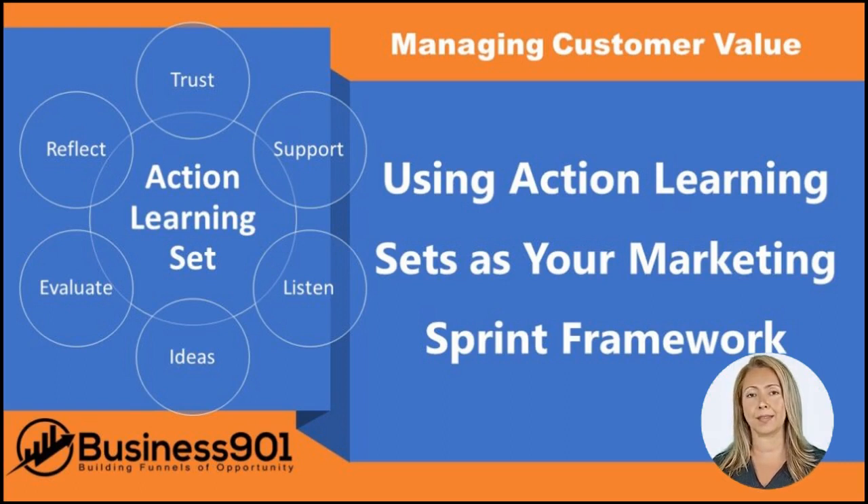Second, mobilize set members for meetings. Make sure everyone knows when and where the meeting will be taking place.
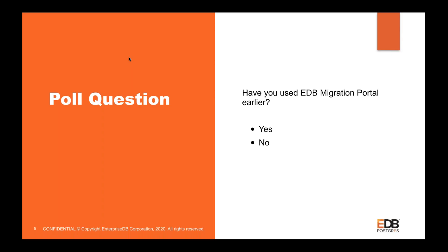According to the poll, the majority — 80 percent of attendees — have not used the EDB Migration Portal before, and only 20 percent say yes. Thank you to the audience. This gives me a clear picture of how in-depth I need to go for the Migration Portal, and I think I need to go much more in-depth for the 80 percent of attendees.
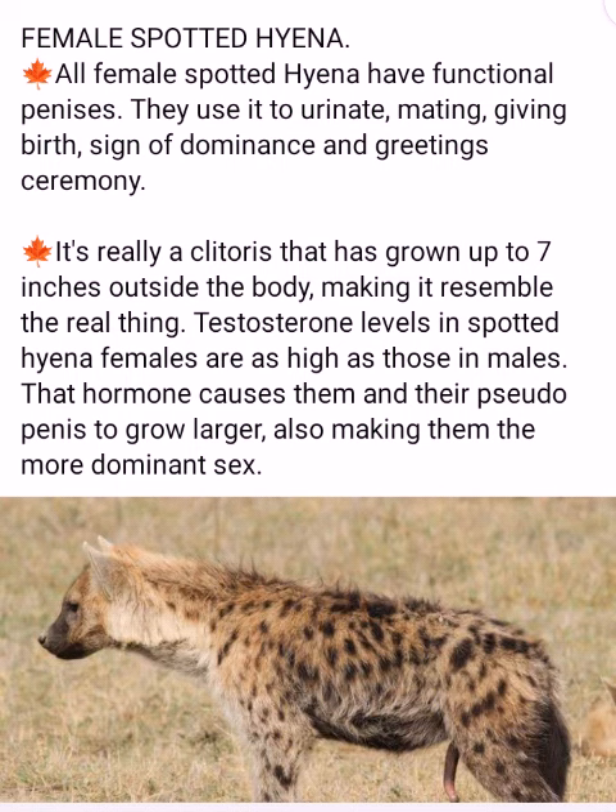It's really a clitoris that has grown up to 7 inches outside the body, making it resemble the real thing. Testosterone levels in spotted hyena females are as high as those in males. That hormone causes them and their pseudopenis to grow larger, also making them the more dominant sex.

......

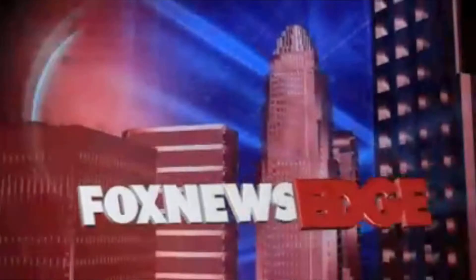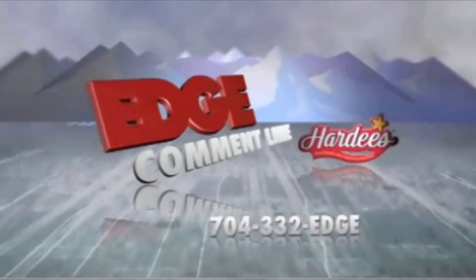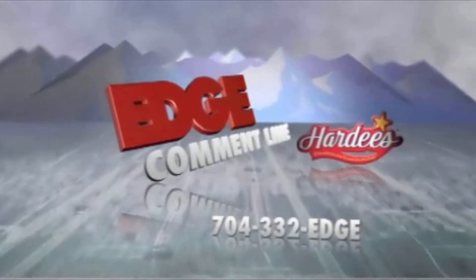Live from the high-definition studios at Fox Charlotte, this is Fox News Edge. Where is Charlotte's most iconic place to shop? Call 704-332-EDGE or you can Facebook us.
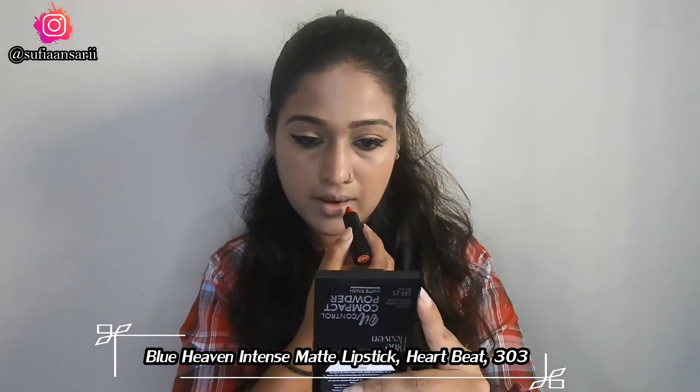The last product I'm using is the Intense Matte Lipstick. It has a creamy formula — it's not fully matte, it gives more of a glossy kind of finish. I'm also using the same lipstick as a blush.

......

• [Exercise instructions]:
Each line from the one that contains "Second, mobilize set" down to the one that contains "It's really a" is to be returned exactly as it stands above, both ends included, with pictures removed.

• [Output]:
Second, mobilize set members for meetings. Make sure everyone knows when and where the meeting will be taking place.
According to the poll, the majority — 80 percent of attendees — have not used the EDB Migration Portal before, and only 20 percent say yes. Thank you to the audience. This gives me a clear picture of how in-depth I need to go for the Migration Portal, and I think I need to go much more in-depth for the 80 percent of attendees.
It's really a clitoris that has grown up to 7 inches outside the body, making it resemble the real thing. Testosterone levels in spotted hyena females are as high as those in males. That hormone causes them and their pseudopenis to grow larger, also making them the more dominant sex.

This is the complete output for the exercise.